I saw the title of a recent opinion piece in the Los Angeles Times: “The Problem Isn’t the SAT. It’s K-12 Schools That Fail to Prepare Students.”
My first inclination was to simply ignore this letter, dismissing it as the opinion of an idiot. However, I overcame my initial impulse and read what the author had to say. Blah, blah, blah - academic competition requires test scores - more blah, blah - sorting is a good thing. The usual stuff. And, I wasn’t totally surprised to see that the writer is a professor at a prominent California university.
Not an idiot. Simply misinformed.
Now, I am not blindly defending our system of K-12 public education. It is definitely not perfect. I am an active critic. There are discrepancies of practice that contribute to a climate of unfortunate inequity in many classrooms in countless communities.
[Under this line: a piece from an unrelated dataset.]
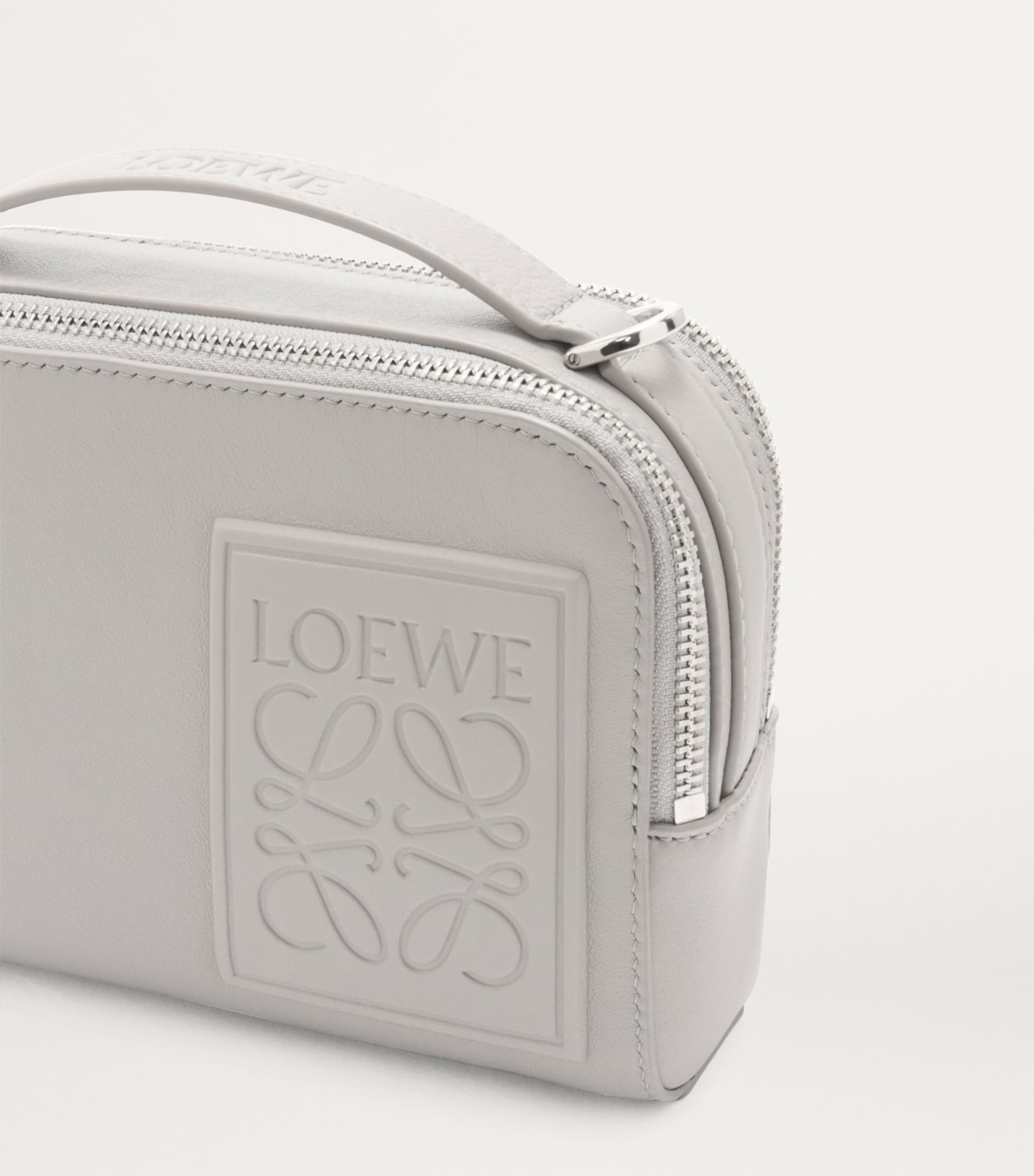 LOEWE Mini Leather Cross-Body Camera Bag | Harrods DE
That said, I will always champion public education as a source of enormous equalizing potential in preparing children for successful futures by affording each child (ideally) opportunities to explore the skills and habits of mind that they will need to rely on.
(Personal disclosure: I get grumpy when I hear the assertion that the previous level obviously didn't do an adequate job in preparing their students while they had them. Otherwise, they would be showing better current performance. Placing blame is a convenient method to minimize one’s obligation to the challenges they confront. Should it surprise anyone that my hackles go up with the suggestion that “K-12 schools fail to prepare students?”)
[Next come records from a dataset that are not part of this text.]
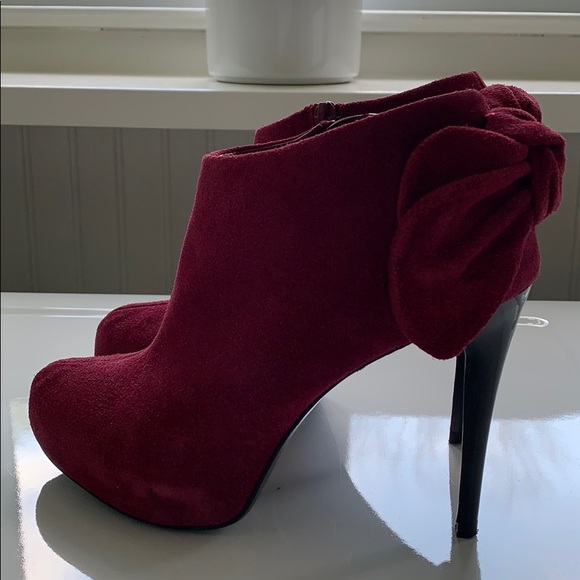 Carlos Santana Shoes - Cute velvet fall healed boots.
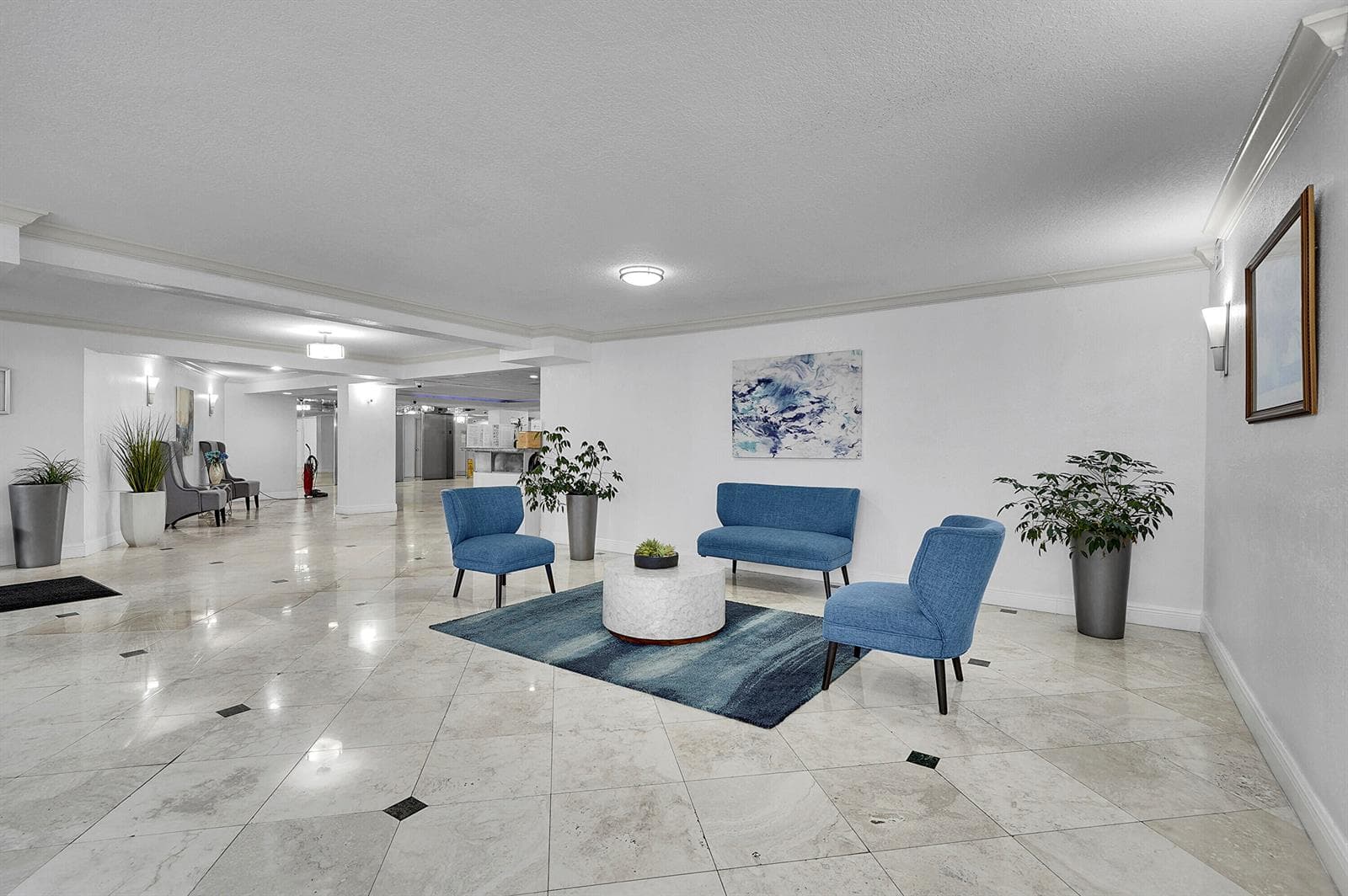 1000 Parkview Drive Unit 306 photo 8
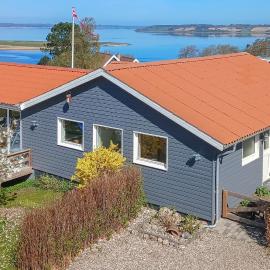 Stunning Home In Løgstrup With Wifi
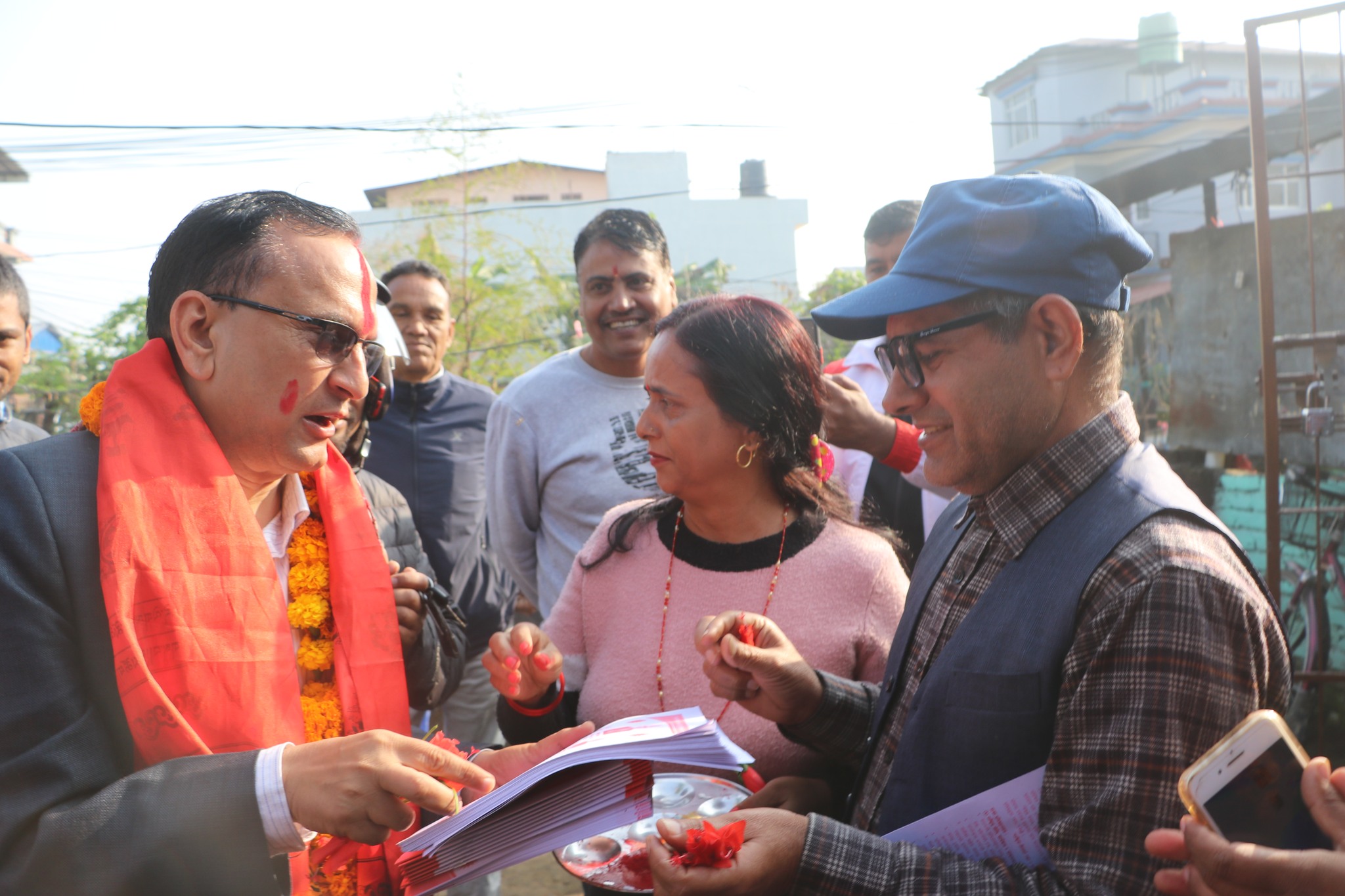 मतदाता रिझाउने अन्तिम कसरतमा चितवनका उम्मेदवार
So, let's ask, what are we preparing students for?
The SAT (and its “brother from another mother,” the ACT) might be an appropriate end-game instructional target if the outcomes we desire were reflected in these assessments. Sadly, a successful execution of these tests relies on the demonstration of three, rather basic, primary skills. First, students must be able to memorize vast amounts of information in the form of facts and data points that frequently lack context. Second, students must have the capacity to recall the facts they have stored in their memory banks in response to multiple choice and similar low level questions. Finally, students must be able to possess mastery in regurgitating this information within the constraints of limited time.
Did I just describe the skills and tools 21st century learners need and should expect to be the outcome of their instructional experience? Memorization and recall, against a clock? I hope not. These are 20th century expectations. I’ll even concede that they may have been appropriate for that time in history to enable students to score well on these 20th century standardized “indicators of learning.” But, let’s remember that we turned the page to a new millennium twenty years ago. More importantly, the world has changed and the pressures and expectations placed on current students barely resembles what was previously expected.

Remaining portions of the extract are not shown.